TASK INSTRUCTIONS: Write back, word for word, the lines from the one containing "Alchemy Memphis Menu" to the end of the listing below. Include nothing else, and no pictures.

*** Block opens ***

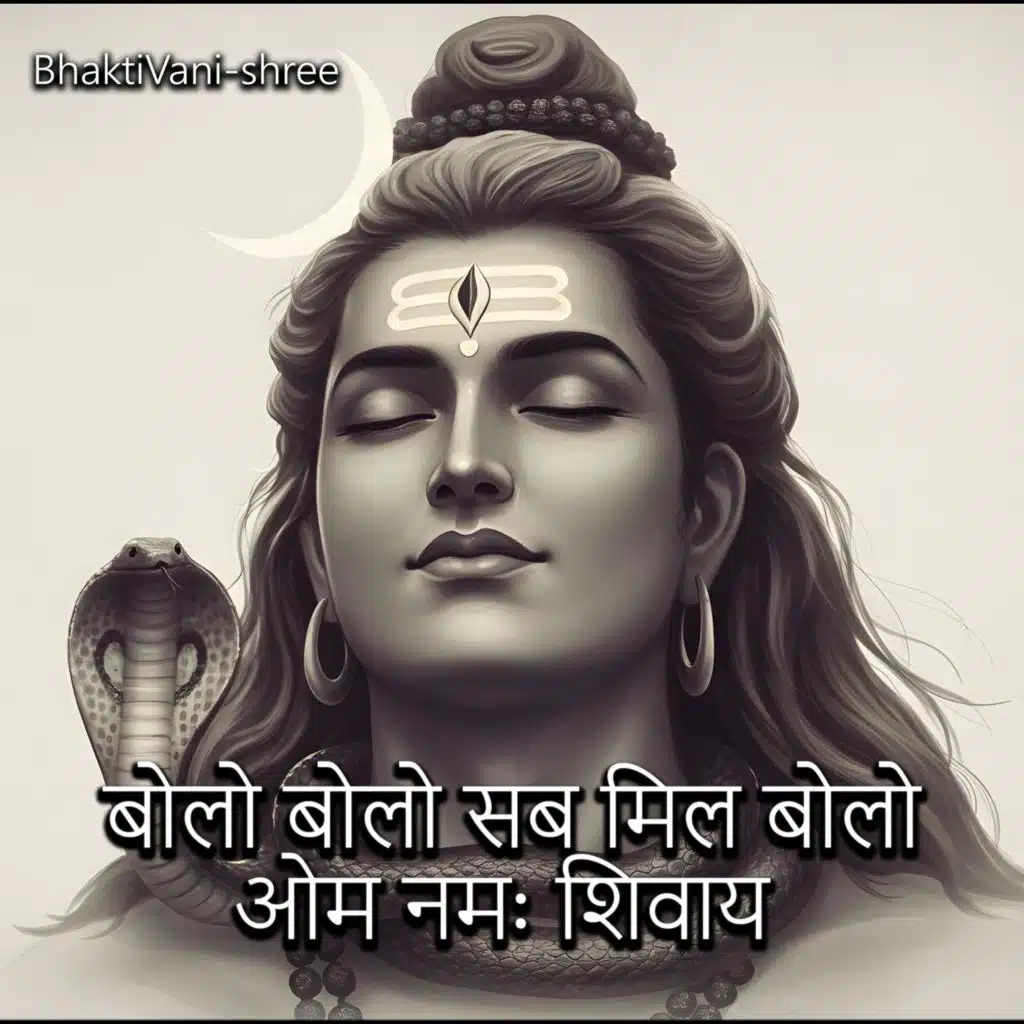 बोलो बोलो सब मिल बोलो – ओम नमः शिवाय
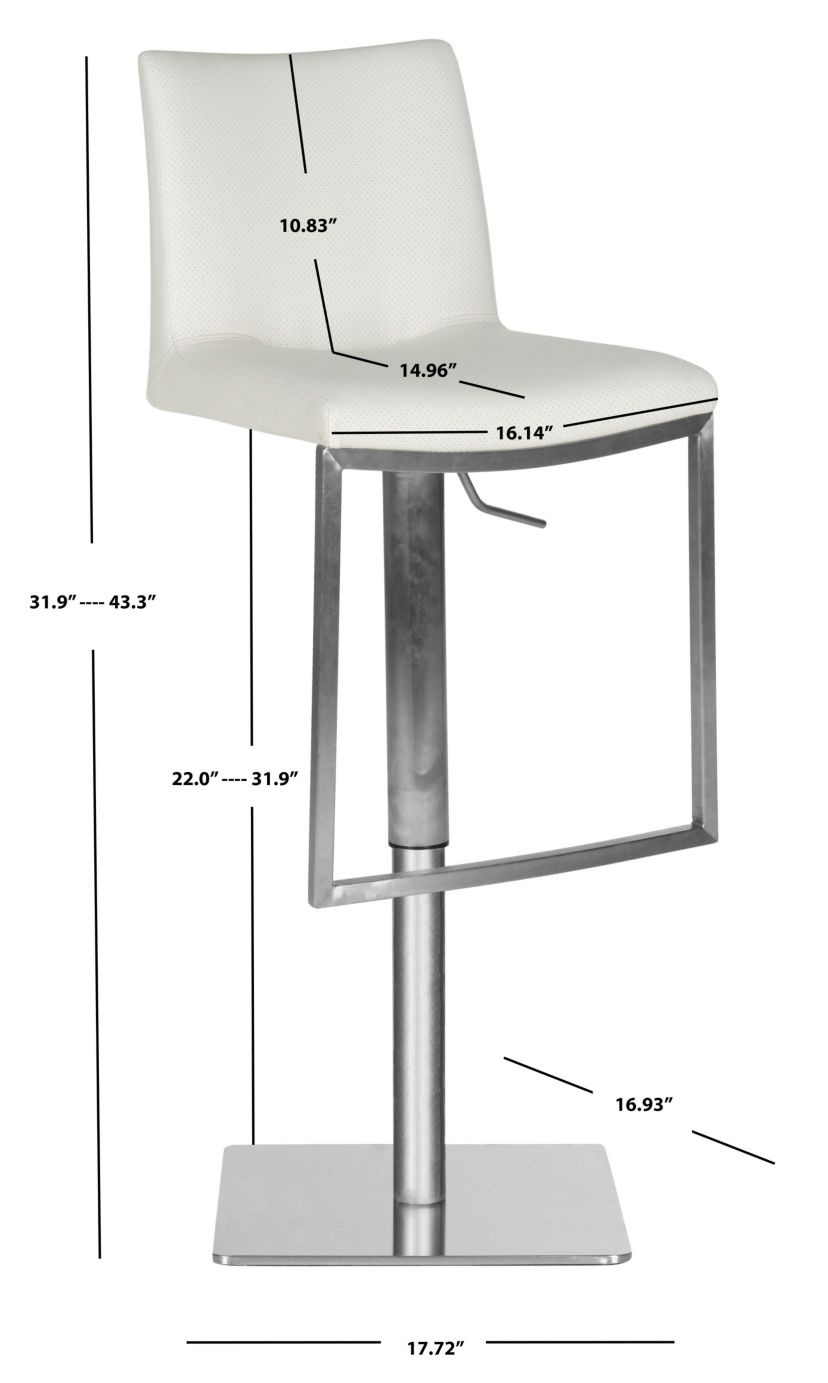 Ember Swivel Bar Stool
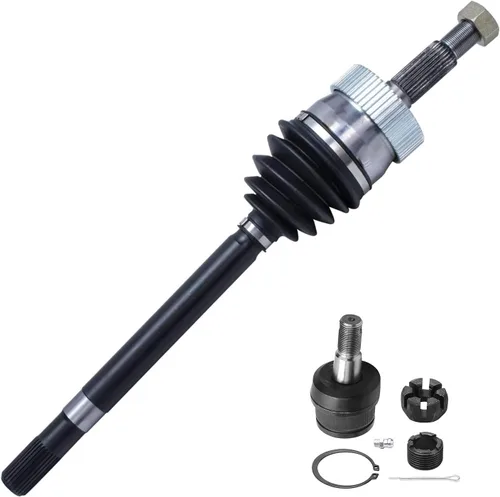 Vista 203 de Detroit Axle - 2 ejes CV delanteros para Chevy Silverado 1500 2007-2018, GMC Sierra Suburban Yukon XL 1500 Avalanche Cheyenne Cadillac Escalade ESV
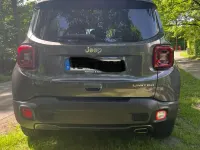 Gebraucht Jeep Renegade Limited 120 PS (88 kW) 2018 Grau SUV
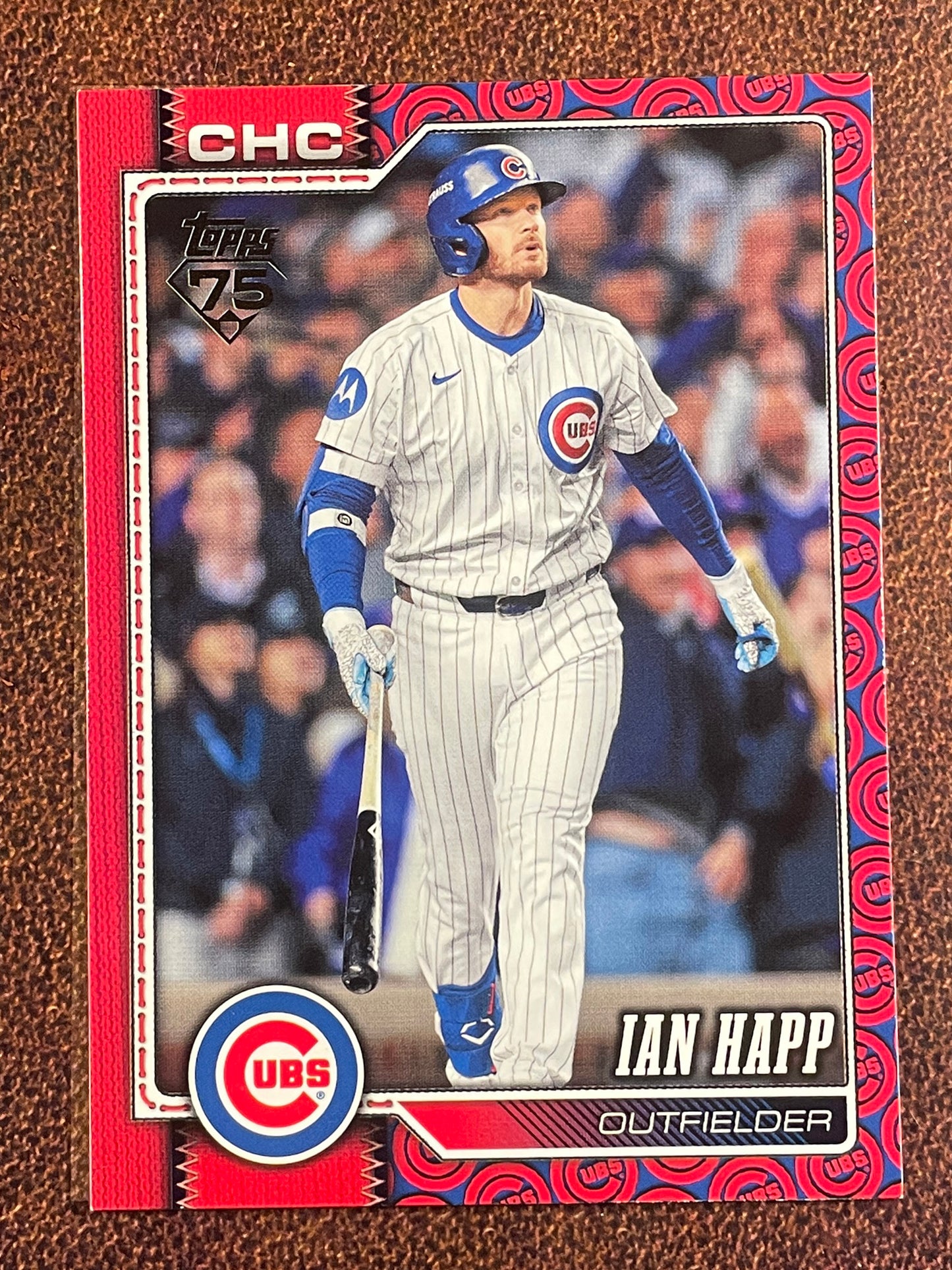 Ian Happ - 2026 Topps Series 2 - Team Border - Cubs
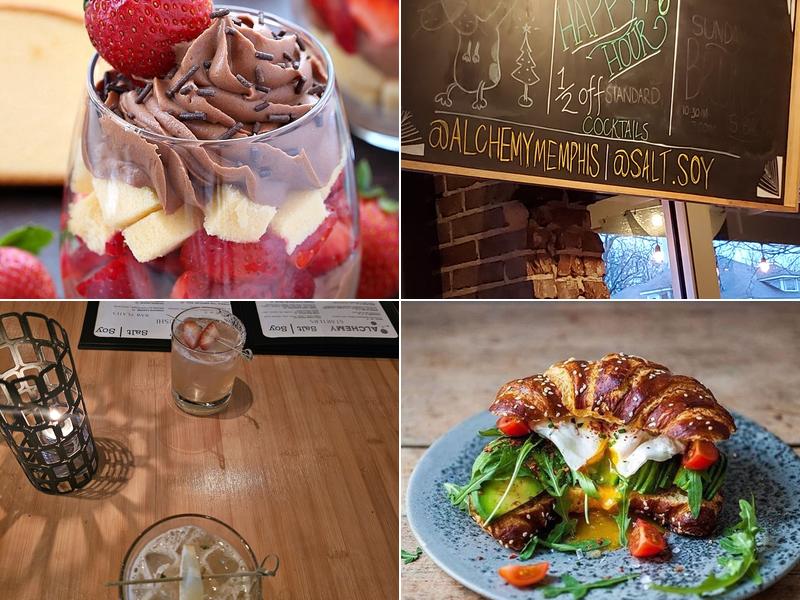 Alchemy Memphis Menu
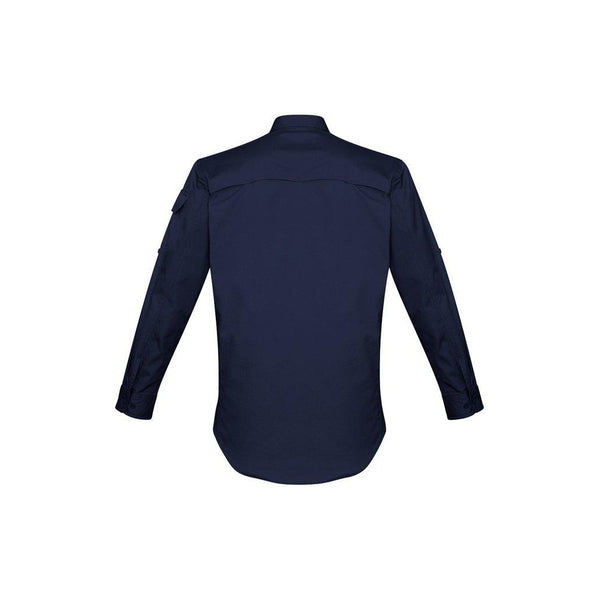 Syzmik Mens Rugged Cooling Long Sleeve Shirt - ZW400-Queensland Workwear Supplies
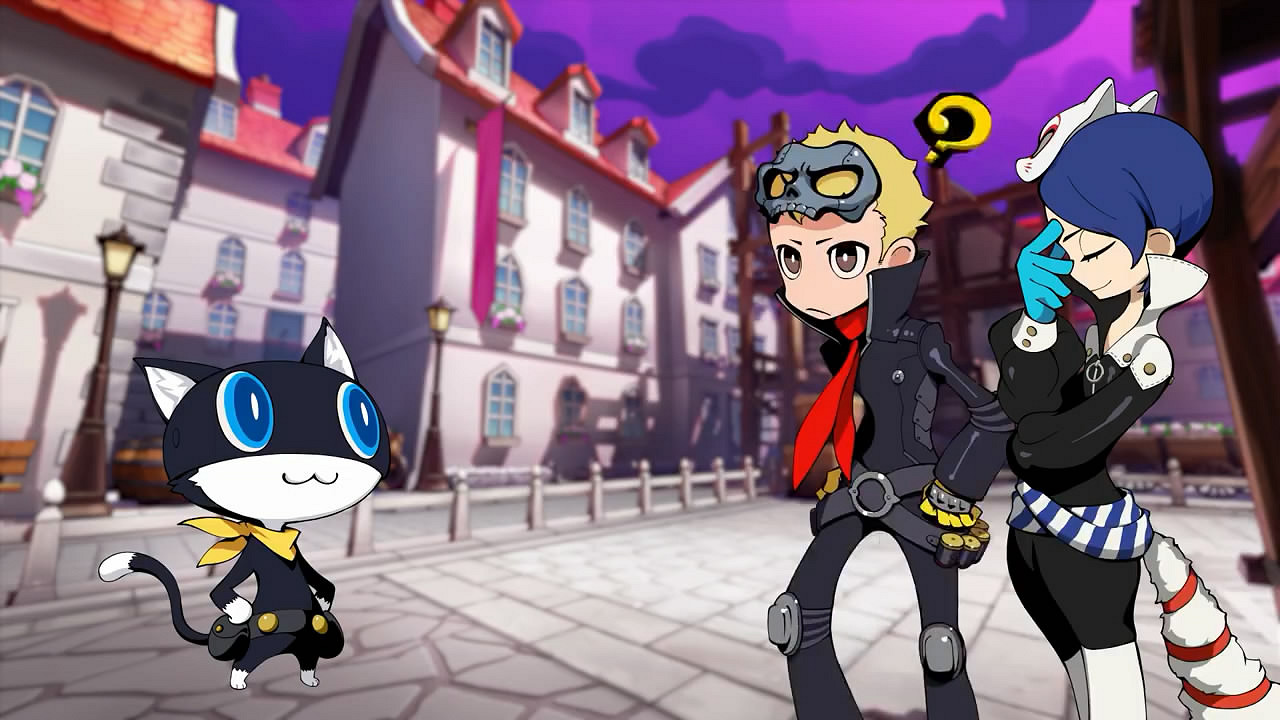 《女神異聞錄5:戰略版》角色介紹PV“阪本龍司”賞! 《女神異聞錄5:戰略版》角色介紹PV“阪本龍司”賞!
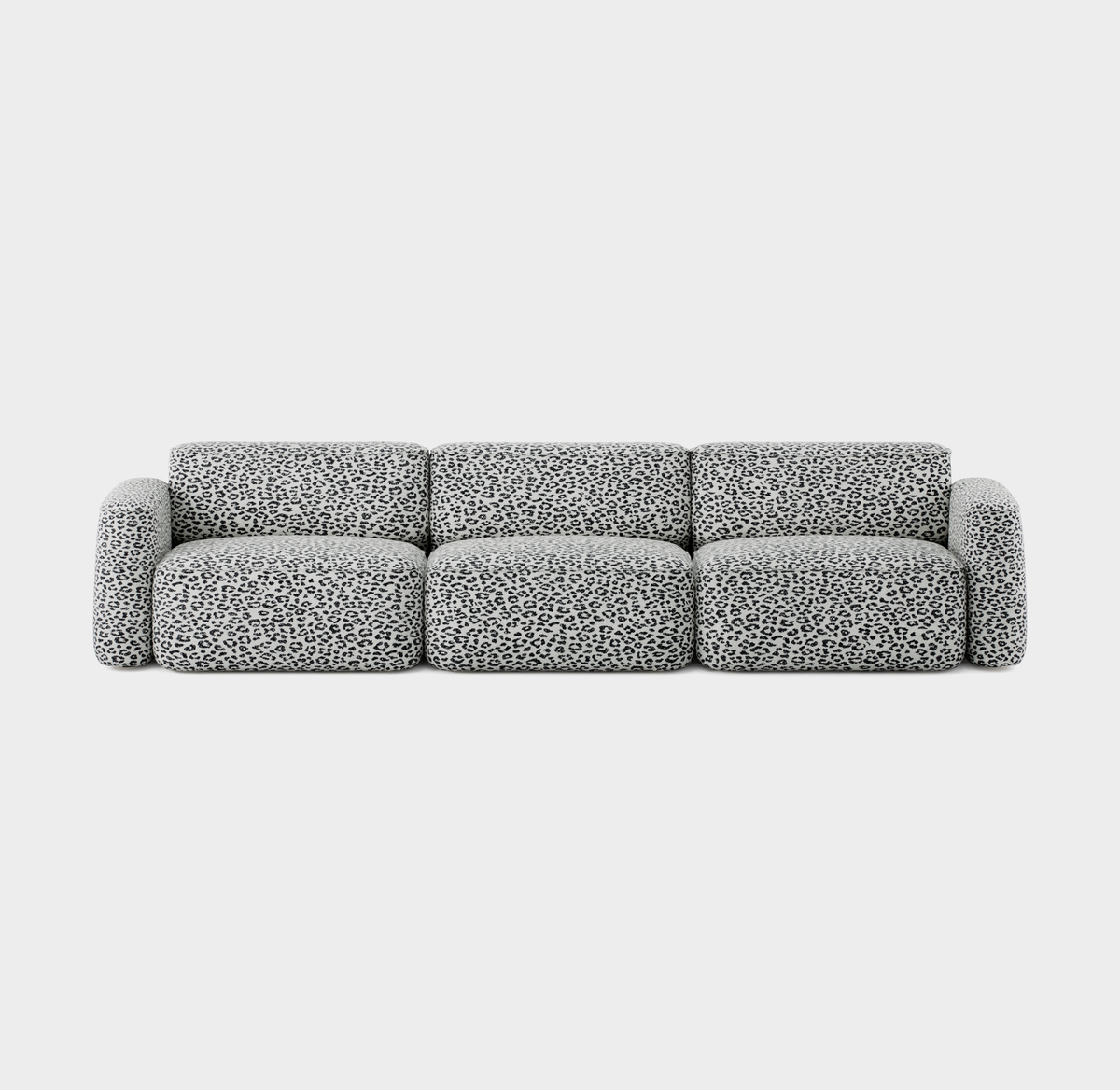 Massproductions Patch 3-seter sofa – Sahco Tablu 0142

*** Block closes ***

EXERCISE ANSWER:
 Alchemy Memphis Menu
 Syzmik Mens Rugged Cooling Long Sleeve Shirt - ZW400-Queensland Workwear Supplies
 《女神異聞錄5:戰略版》角色介紹PV“阪本龍司”賞! 《女神異聞錄5:戰略版》角色介紹PV“阪本龍司”賞!
 Massproductions Patch 3-seter sofa – Sahco Tablu 0142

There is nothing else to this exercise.